Kremer, who cut her teeth booking the Boston stop on the International Pop Overthrow festival last year, hopes to establish a loose, communal space where local and national pop acts can play for receptive audiences. The model for Boston Pop Underground -- which is being copresented by local rock station WBCN and the IPO organizers -- is a Los Angeles club called Largo, where former Bostonian Jon Brion and a coterie of musician friends hold court on Friday nights.
Brion's weekly events at Largo have become famous for their free-form flow and high-profile regulars (Fiona Apple, Neil Finn, and Rickie Lee Jones among them). Boston can't match LA for resident star power, but it can aspire to Largo's reputation as a haven for serious musicians and serious fans.
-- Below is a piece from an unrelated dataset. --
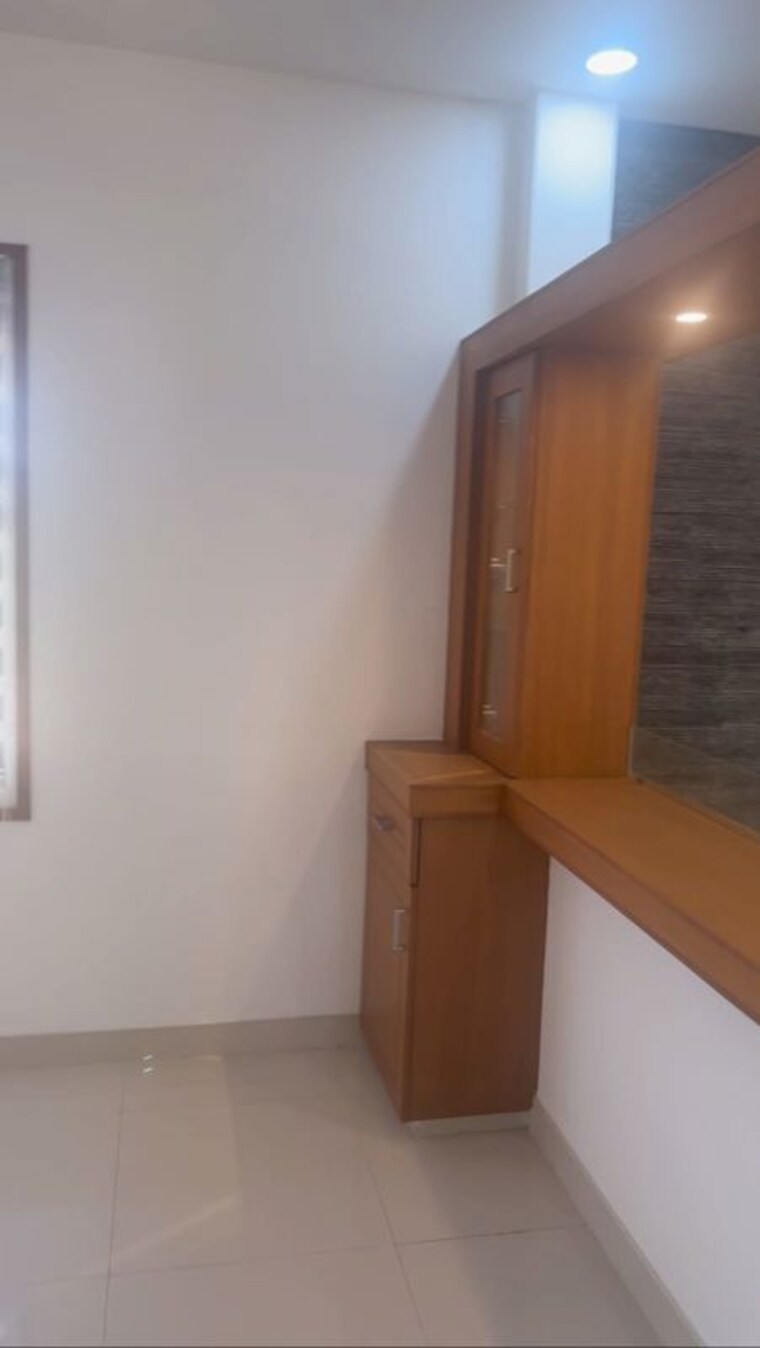 Room, kuttanellur 4 Bedroom 3600 Sq.Ft. Independent House In Kuttanellur Thrissur 9934138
"What they should do is try to get the great local talent, and people who are new to the scene, and nurture that," says Mark Flanagan, who opened Largo in 1996. "Tell musicians not to come in with a set list. Mix it up every time. Cross-pollinate. I started putting a comedian on before Aimee Mann because she's a nervous wreck and every song she sings is about being a nervous wreck. Some people get angry, but she loves it. The idea is to make it a venue people love to play in."
It shouldn't be hard. While many clubs cater to rock groups and the hordes of patrons who are more interested in yelling over their beers than listening to the music they've ostensibly paid to see, it's rare to find a space where the artists are as valued as the drinkers. The Paradise Lounge and Zuzu!, spinoffs of two local rock clubs, are trying to create a music-friendly, sit-down vibe.
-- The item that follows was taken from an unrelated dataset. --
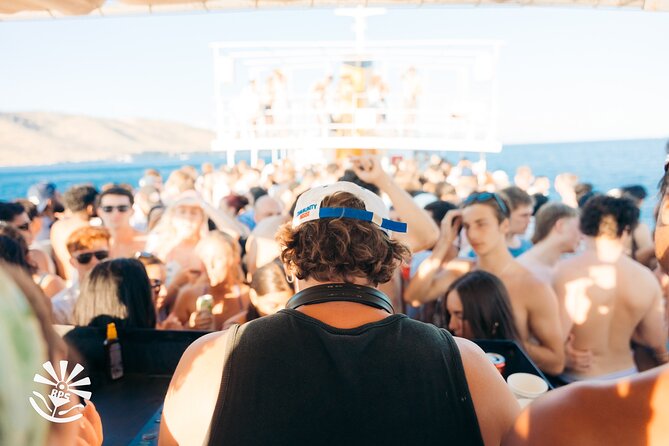 Boat Party Split - Boarding a party boat for up to 180 people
But Largo has a rigid no-chatting policy. In a similar spirit, Kremer has designed coasters that read: "Boston Pop Underground encourages silence during performances. Feel free to be wicked loud at all other times."
"Boston needs this," says Stoughton native Mike Viola, a veteran performer at half a dozen Largo shows who's now based in New York and leads the Candy Butchers. "T.T.'s is a great place for a rock band, and so is the Middle East, but for a cabaret-style, night-out kind of place, there really isn't a club where people are encouraged to pay attention. You know, it's not frustrating making music or playing music or even being in the business. The frustration comes just trying to be heard."
Billy Beard, who opened the Lizard Lounge in 1995, jumped at the chance to participate in Kremer's project. A busy sideman who plays drums with local and national acts, Beard says his perspective on live performances has shifted after years of playing in countless anonymous clubs.
"As you become older and wiser and lose your delusions of grandeur, great little scenes with a great vibe mean a lot," says Beard, who's given Kremer carte blanche at the club on BPU nights. "If Boston Pop Underground could be that, it would be a dream come true for me."
Kremer, too, has big dreams for her little scene.
"I see this series as part of a larger indie-pop movement, a grass-roots effort that encompasses venues, labels, non-commercial radio stations, promoters, and fans across the country working together to promote some incredibly talented artists who are flying under the radar," she says. "I would very much like Boston Pop Underground to be a place where they can find a home."